◆ WHAT YOU NEED TO DO ◆
Before you return the lines below, strip out any images and keep every word as written.

◆ DATA UNDER STUDY ◆
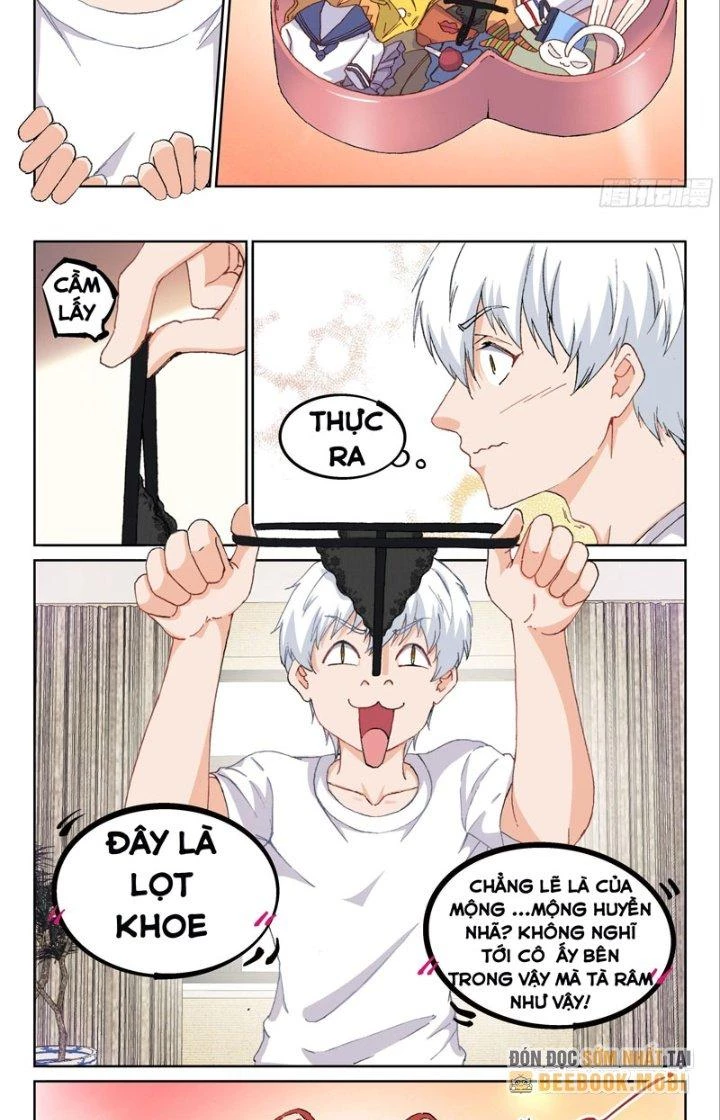 Hệ Thống Giả Dạng Chapter 17 - 9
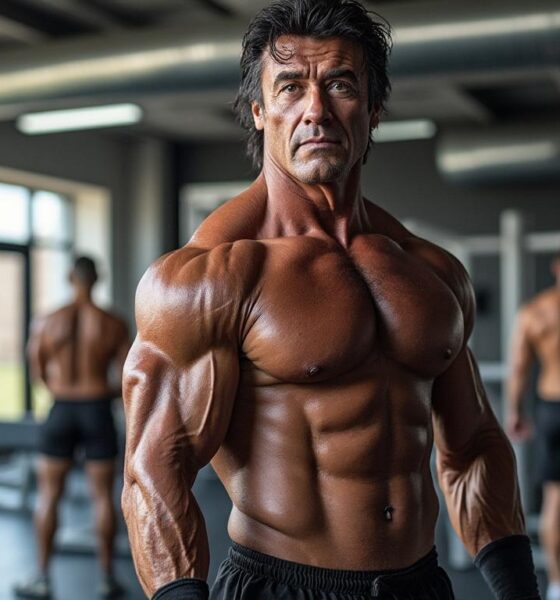 découvrez la taille exacte de sylvester stallone, ses mensurations détaillées, et les secrets d’entraînement qui ont fait de lui une icône du cinéma d’action.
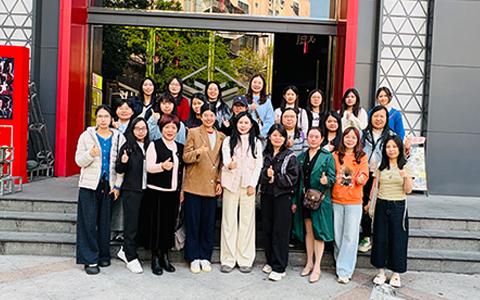 飞驰人生，花开正好丨丽芳园林致敬“她力量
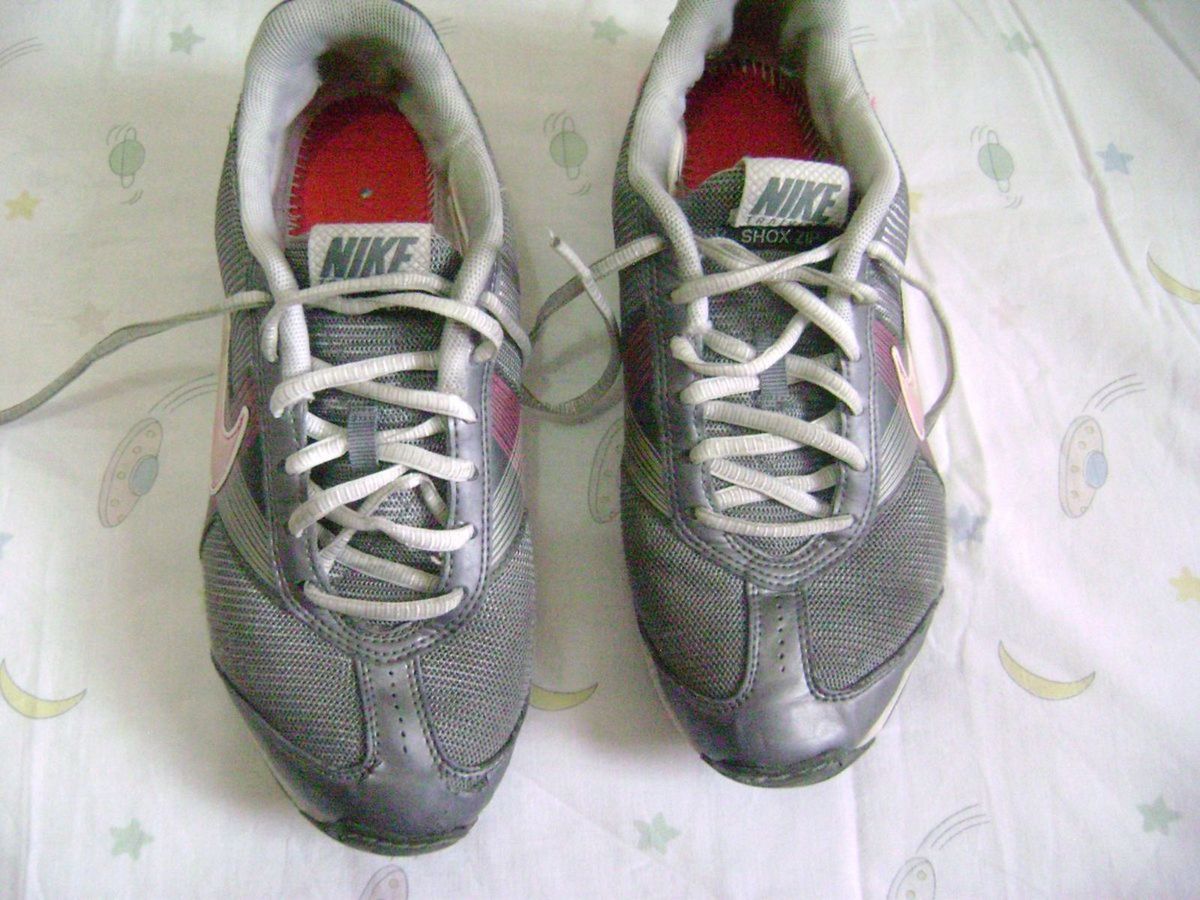 nike shox é bom para academia
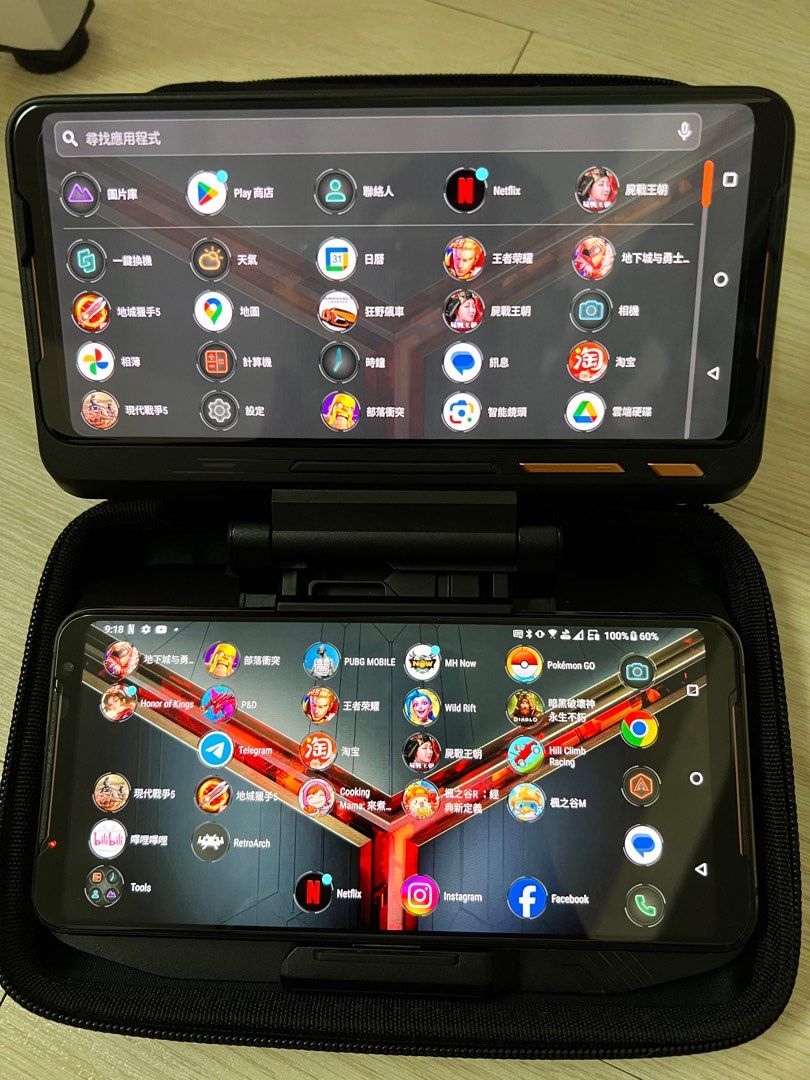 Rog phone 2/3 副屏幕 （分類：Asus 華碩）位於 Hong Kong。 由 ccy1369 提交（商品編號 1383609782，圖片 3）。簡介： 所有功能正常淨副屏幕。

◆ SOLUTION TO THE EXERCISE ◆
 Hệ Thống Giả Dạng Chapter 17 - 9
 découvrez la taille exacte de sylvester stallone, ses mensurations détaillées, et les secrets d’entraînement qui ont fait de lui une icône du cinéma d’action.
 飞驰人生，花开正好丨丽芳园林致敬“她力量
 nike shox é bom para academia
 Rog phone 2/3 副屏幕 （分類：Asus 華碩）位於 Hong Kong。 由 ccy1369 提交（商品編號 1383609782，圖片 3）。簡介： 所有功能正常淨副屏幕。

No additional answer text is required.